Des chiffres de consommation et dépenses qui sont des indices révélateurs comme l’affirme Ibtihal Younès, experte de développement humain. Selon elle, c’est à cause de l’absence de programmes visant à profiter de l’énergie des jeunes, à les propulser dans des projets de développement ou même à les sensibiliser. « Il y a un grand vide social et politique où vivent les jeunes, et une fois que certains essayent de s’exprimer à travers les blogs, ils sont censurés ou mis en prison. Dans une société où ils n’ont pas d’exemple à suivre ou de leaders sociaux, où la corruption devient un mode de vie et où la pauvreté et le chômage sont en hausse, c’est normal de rencontrer des enfants de 8 ans en train de fumer de la drogue, comme c’est le cas au quartier de Ezbet Al-Nakhl où j’étais dans une visite de travail », dit Younès en se demandant comment chercher le développement dans une société où des milliers de gens sont soumis à « des opérations de défiguration » et de destruction de la pensée. « Qui profite de cette absence du raisonnement chez des milliers d’Egyptiens ? Comme s’il s’agissait d’un complot visant à détruire ce peuple », dit-elle.

Mais comment peut-on s’en sortir ? Pour Ahmad Abdallah, psychiatre soucieux des maux de la société, un changement radical serait nécessaire.

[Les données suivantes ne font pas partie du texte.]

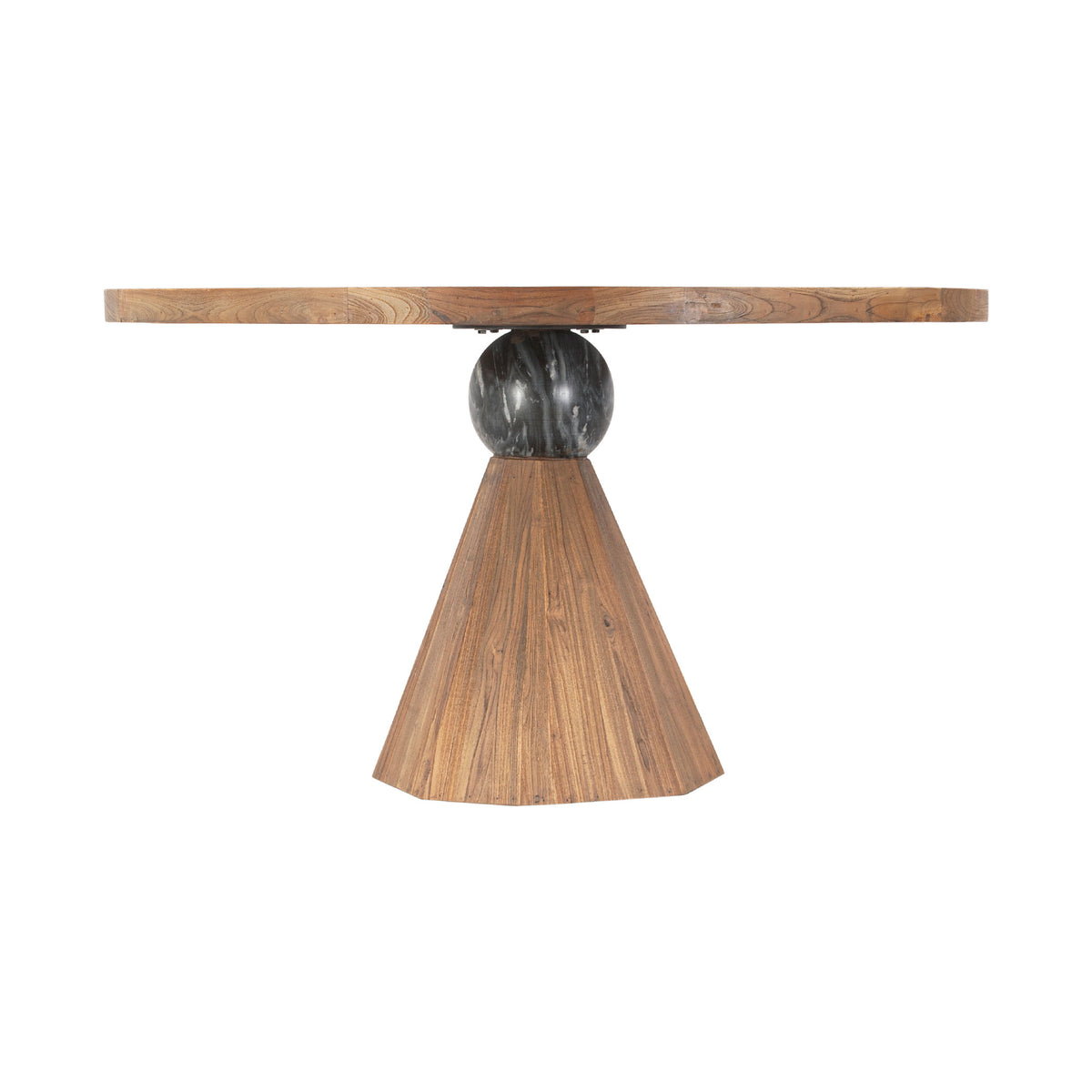 Home Trends & Design Eiffel 54" Round Dining — Antique Finish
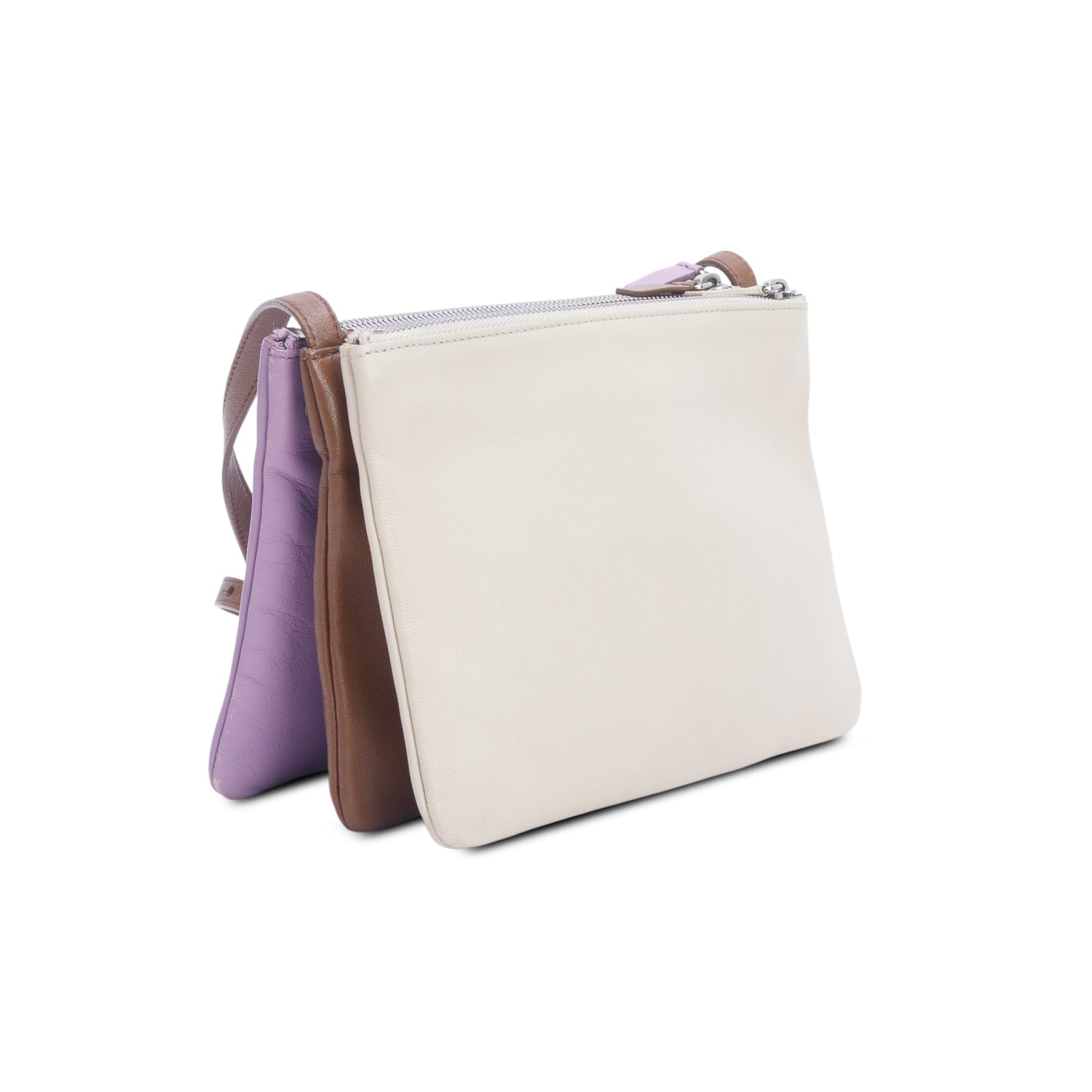 Celine Tri-Color Lambskin Small Trio Crossbody Bag
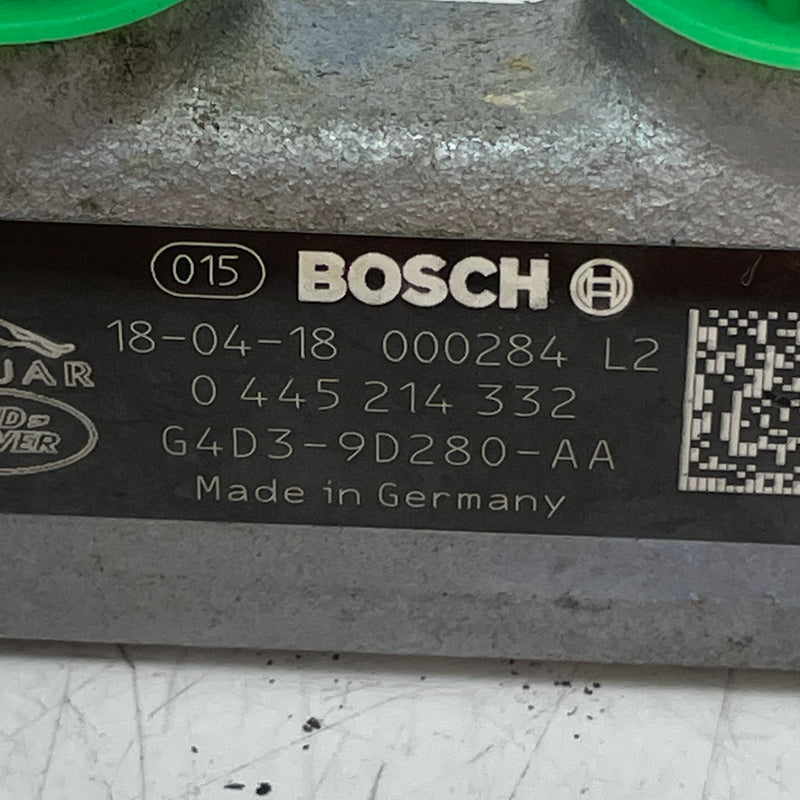 Land Rover / Jaguar 2.0L Diesel 204DT Fuel Rail G4D3-9D280-AA / 0445214332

Selon lui, ces modes de consommation ne sont que des moyens pour fuir une réalité pénible. « Nous sommes aujourd’hui une société qui manque de tous les fondements essentiels au développement », assure Abdallah, en ajoutant qu’il est temps d’avoir une union qui appelle à un changement social total.

Sinon, il n’est donc pas étrange que Farouq Goweida reçoive une lettre d’un habitant de Mahalla lui demandant comment il peut être inscrit à Guiness Records parce qu’il possède 7 différentes lignes de portable dont les numéros sont semblables, à l’exception du code de la compagnie.